Later, the SIDEWINDER completed its trip from the Sultan of Brunei's domains off the coast of northern Borneo, and began operating in the Persian Gulf. But to replace SIDEWINDER, Southeastern-Zaapata Drlling, a one-third owned affiliate, had built a new rig in Japan at a cost of some $6.5 million, and this rig had been moved to the Borneo coast under contract to Shell. Seacat Zapata's NOLA III had left the Persian Gulf and was now operating in the Gulf of Tunis, whence it would proceed to the Red Sea coast of Ethiopia. VINEGAROON was working off the coast of Louisiana for Chevron, and a new rig, tentatively labelled RIG 8, was also destined for the Gulf of Mexico. Opportunities seemed imminent in Australia, where Zapata had set up a special relationship with Oil Drilling and Exploration Ltd. of Australia.
In 1966, the year that Bush says he left the management of Zapata to devote himself full-time to politics, Zapata experienced another increase in earnings per share. According to the 1966 Zapata Annual Report, Zapata's "net profits for 1966 exceeded the net profits of several Fortune 500 companies." The value of Zapata's offshore drilling fleet was an estimated $34 million, and the company's stock was now trading on the American Stock Exchange. With departure of George H.W. Bush as chairman of the board, the corporate personalities of Zapata underwent a shakeup. Along with Bush departed his maternal Uncle Herbie, aka G.H. Walker Jr., the Managing Director of G.H. Walker and Co., New York. J.W. Gardner was out as president, replaced by William H. Flynn. The new chairman of the board and chief executive officer was now D. Doyle Mize, who had previously been a member of the board. The Underwood, Neuhaus Co. interests kept their seat on the Zapata board, but their representative changed from Milton R. Underwood to William Stamps Farrish III, Bush's Beeville hunting partner and the grandson of the Standard Oil executive who had been exposed for dealing with Nazi firms. Added to the board were also two representatives of leading Houston law firms, including R.P. Bushman of Vinson, Elkins, Weems, and Searls and B.J. Mackin of Baker, Botts, Shepherd and Coates. Judging from the presence of Farrish and the Houston lawyers, we may conclude that although Bush had departed from the formal structure of Zapata, he still had board members to represent his interests, which was important in light of the Zapata stock he continued to hold. The sole New Yorker on the post-Bush board was also a new face, Michael M. Thomas of Lehman Brothers.

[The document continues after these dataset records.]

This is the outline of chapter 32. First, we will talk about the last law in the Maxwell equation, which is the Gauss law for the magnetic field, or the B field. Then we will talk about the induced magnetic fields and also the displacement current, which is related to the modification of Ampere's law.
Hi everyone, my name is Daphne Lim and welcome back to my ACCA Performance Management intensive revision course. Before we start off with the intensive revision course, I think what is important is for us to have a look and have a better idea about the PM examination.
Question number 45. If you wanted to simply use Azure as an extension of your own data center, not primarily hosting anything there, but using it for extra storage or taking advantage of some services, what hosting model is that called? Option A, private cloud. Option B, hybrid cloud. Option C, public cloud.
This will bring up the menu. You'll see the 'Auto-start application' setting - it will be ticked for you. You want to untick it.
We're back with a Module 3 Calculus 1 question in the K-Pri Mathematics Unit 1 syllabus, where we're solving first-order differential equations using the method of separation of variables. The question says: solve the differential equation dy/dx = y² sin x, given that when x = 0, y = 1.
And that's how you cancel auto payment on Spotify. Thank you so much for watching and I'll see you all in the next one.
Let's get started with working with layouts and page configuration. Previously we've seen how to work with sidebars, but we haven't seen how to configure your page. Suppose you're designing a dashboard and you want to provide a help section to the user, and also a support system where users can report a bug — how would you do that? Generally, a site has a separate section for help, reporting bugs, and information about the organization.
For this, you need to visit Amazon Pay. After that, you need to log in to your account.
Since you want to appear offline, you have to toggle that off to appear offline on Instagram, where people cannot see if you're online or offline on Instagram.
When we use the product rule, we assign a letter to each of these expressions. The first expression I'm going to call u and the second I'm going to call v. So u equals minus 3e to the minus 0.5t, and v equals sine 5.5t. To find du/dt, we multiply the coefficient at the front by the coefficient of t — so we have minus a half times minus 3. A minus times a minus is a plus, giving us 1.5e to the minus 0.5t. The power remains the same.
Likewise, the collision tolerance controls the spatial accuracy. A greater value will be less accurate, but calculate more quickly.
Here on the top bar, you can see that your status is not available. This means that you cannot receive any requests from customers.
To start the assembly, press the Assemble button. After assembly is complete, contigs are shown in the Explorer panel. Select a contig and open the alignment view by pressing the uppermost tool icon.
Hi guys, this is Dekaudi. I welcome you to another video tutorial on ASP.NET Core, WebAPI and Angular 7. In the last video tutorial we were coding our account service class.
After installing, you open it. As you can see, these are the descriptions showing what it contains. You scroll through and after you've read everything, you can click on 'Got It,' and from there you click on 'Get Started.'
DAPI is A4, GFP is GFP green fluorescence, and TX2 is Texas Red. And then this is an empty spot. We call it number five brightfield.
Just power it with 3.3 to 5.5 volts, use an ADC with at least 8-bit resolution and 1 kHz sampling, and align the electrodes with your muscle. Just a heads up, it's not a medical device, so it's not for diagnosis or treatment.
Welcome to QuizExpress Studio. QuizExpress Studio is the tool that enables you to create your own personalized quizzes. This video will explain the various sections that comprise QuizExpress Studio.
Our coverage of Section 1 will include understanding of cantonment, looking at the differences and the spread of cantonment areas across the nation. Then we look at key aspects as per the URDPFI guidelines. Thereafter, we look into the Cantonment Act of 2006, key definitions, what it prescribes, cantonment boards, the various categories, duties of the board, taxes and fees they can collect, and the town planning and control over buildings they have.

New drilling platforms included the ENDEAVOUR, HERON, and CHAPPARAL, plus a 60% share of a ship-shaped floating vessel off the coast of Austrialia. Gulf Oil of Denmark had signed a $9 million contract for a new platform called the MAERSK EXPLORER, the first of a new generation of LeTourneau drilling units. CHAPPARAL was under contract to AGIP, a subsidiary of the Italian state oil compnay ENI, for operations in the Adriatic Sea. VINEGAROON was under contract to Petrobras of Brazil. Zapata's offshore drilling activity by now comprehended areas off Denmark, Brazil, Italy, England, the Persian Gulf, Australia, and Louisiana.
Turning to the world drilling market, the new post-Bush management offered the following overview: "The offshore drilling industry, in which Zapata is a significant participant, has undegone a substantial change in character and scope in the past five years. Five years ago, almost all the offshore drilling units were operating in one geographical area, the Gulf of Mexico. Today, six separate offshore provinces have emerged as showing solid evidence of having major hydrocarbon deposits." World horizons were vast, with the Zapata mangement counting seventeen countries with offshore oil or gas production already underway, and fifty other countries exploring or drilling for oil. Zapata's ability to operate in such places as the North Sea, Austrialia, and Kuwait is indicative not just of a very close relationship between Zapata and the seven sisters oil cartel, but of an excellent entree with the inner sanctum of that cartel, the Royal Dutch Shell-British Petroleun nexus, which exercised the decisive influence on the policies and contingency planning of the cartel. Royal Dutch Shell was for example the company that availed itself of the services of Lord Victor Rothschild for its future planning.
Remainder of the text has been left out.